- **Description of the task**
With pictures left out, set down every record word for word.

- **Provided data**
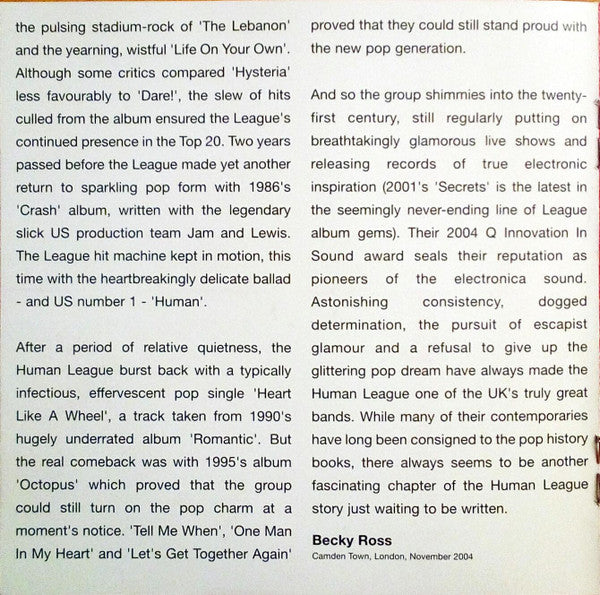the-best-of-the-human-league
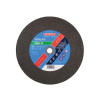 Faithfull Cut Off Disc For Stone 300 X 3.5 X 22mm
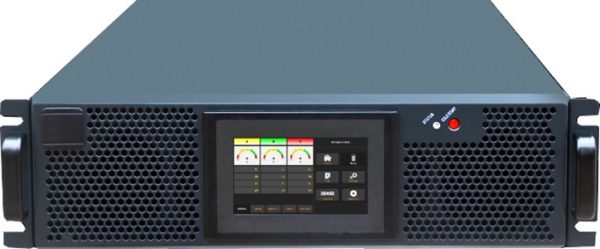 Uninterrupted Power Supply 15-20KVA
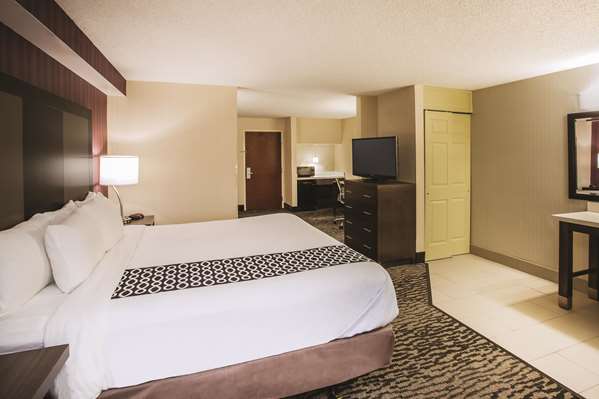  - La Quinta Inn & Suites Elkton - I-95, Exit 109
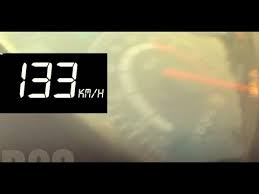 Top speed gps suzuki rg sport 110 ni spec motor aku bore : Top Speed Suzuki Rg Sport 110 Youtube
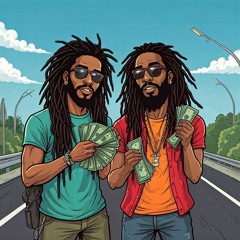 Selfpaid.Xause X Losfrmthejungle Counting me out .m4a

- **Exercise output**
the-best-of-the-human-league
 Faithfull Cut Off Disc For Stone 300 X 3.5 X 22mm
 Uninterrupted Power Supply 15-20KVA
  - La Quinta Inn & Suites Elkton - I-95, Exit 109
 Top speed gps suzuki rg sport 110 ni spec motor aku bore : Top Speed Suzuki Rg Sport 110 Youtube
 Selfpaid.Xause X Losfrmthejungle Counting me out .m4a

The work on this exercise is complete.